Hi again. I hope you enjoyed the “Introduction to R” course throughout last week. Now, you have fair understanding of R programming language.

Review of last week

Let’s do some exercises for refreshing our memories.

##

# Please fix the code
instructor name <- alper yilmaz

##

# What is the data type of the variable x_3?

> str(df1)
'data.frame':   5 obs. of  5 variables:
 $ x_1: int  14 33 36 43 12
 $ x_2: num  41 29 10 5 27
 $ x_3: chr  "R" "P" "J" "N" ...
 $ x_4: Factor w/ 5 levels "April","December",..: 3 5 4 1 2
 $ x_5: logi  FALSE FALSE TRUE TRUE FALSE

##

# Complete the script to produce the output shown

#OUTPUT
[1] "C" "D"

#SCRIPT
store <- list(prod = c("C", "D"), cost = c(15, 20))
store_________ (use brackets only)

##

# Complete the script to produce the output shown

# OUTPUT
[1] 2

# SCRIPT
x <- c(1, 2, 3)
# Find the average of x

_______(x)

DataCamp also provides daily exercises if you are interested in daily short exercises (slow but steady wins the race). Here’s the link for “Introduction to R” daily exercise. Let’s head over and do a small exercise.

R data structures

The image below concisely illustrates the different type of data structures in R.

R data structures

R data structures

(Source: http://venus.ifca.unican.es/Rintro/_images/dataStructuresNew.png)

Running code in RStudio

Let’s copy paste the code below to your Rstudio and run it (link actual code source). The result should be as shown below the code. The code is taken from Github repo of Henrik Lindberg, en expert in data visualization.

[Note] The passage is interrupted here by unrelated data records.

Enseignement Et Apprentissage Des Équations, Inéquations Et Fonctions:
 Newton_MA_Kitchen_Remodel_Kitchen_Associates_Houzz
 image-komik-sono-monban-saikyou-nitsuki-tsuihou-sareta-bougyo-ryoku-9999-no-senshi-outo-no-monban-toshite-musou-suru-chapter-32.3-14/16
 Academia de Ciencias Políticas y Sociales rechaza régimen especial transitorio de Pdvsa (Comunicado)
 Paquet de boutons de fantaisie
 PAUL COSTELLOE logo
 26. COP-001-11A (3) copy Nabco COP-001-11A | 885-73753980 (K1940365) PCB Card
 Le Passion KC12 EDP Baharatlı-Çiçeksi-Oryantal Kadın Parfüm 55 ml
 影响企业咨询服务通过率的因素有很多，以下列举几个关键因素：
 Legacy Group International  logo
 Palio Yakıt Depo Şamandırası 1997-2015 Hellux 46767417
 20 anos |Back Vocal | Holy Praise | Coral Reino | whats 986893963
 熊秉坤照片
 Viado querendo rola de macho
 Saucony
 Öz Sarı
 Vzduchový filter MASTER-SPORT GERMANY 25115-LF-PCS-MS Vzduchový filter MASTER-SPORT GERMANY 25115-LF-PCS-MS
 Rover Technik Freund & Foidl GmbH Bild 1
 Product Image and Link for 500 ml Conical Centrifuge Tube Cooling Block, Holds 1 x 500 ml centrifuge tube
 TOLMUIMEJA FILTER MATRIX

But wait, where do you paste this code? Running it line by line in console won’t feasible. Let’s open a new R script file and paste the code there.

As you remember from last week and DataCamp environment, we can use some keyboard shortcuts to run code in code panel. Ctrl+Enter can be used to run the code in the line where cursor is located. Ctrl+Shift+Enter runs the whole code if you are insterested running the code at once. Also, if you want to run multiple (consecutive) lines, you can select them and press Ctrl+Enter keys.

library(tidyverse)
library(rvest)

SOURCE='https://ourworldindata.org/famines/'

h <- read_html(SOURCE)
h %>%
  html_table() %>%
  .[[1]] %>%
  mutate(year_start = as.integer(substring(Year, 1, 4)),
         year_end = as.integer(substring(Year, 6)),
         digits = ceiling(log10(year_end)),
         year_end = as.integer(floor(year_start / 10^digits) * 10^digits + year_end),
         year_end = coalesce(year_end, year_start)) %>%
  select(-digits) %>%
  mutate(mortality = as.numeric(gsub(',', '', `Excess Mortality- mid-point`))) %>%
  transmute(year_start, year_end, mortality, country=Country, continent=`OWID continent`) %>%
  mutate(continent = recode(continent, 'Europe/Asia' = 'Asia')) %>%
  group_by(continent, year = round((year_start + year_end)/2)) %>%
  summarize(mortality = sum(mortality, na.rm=TRUE)) %>%
  filter(continent != '') %>%
  arrange(-mortality) %>%
  ggplot(aes(year, continent, size=mortality)) +
  geom_point(alpha=0.5, fill='red', color='white', shape=21) +
  scale_size_continuous(range=c(1, 25), breaks=c(1, 10, 20)*1e6) +
  scale_x_continuous(breaks=seq(from=1850, to=2015, by=10), labels=function(x) {ifelse(x %% 100 == 0 | x == 1850, paste0(x), paste0("'", x%%100))}) +
  labs(x="", y="", title="Famines", caption=paste0("@hnrklndbrg | Source: ", SOURCE))
## Warning in evalq(as.integer(substring(Year, 6)), <environment>): NAs
## introduced by coercion

This image is (nearly) identical to what was drawn by the original author (see below)

Original famine image

Original famine image

This is reproducible research in action! Please refer to “About reproducible research” section.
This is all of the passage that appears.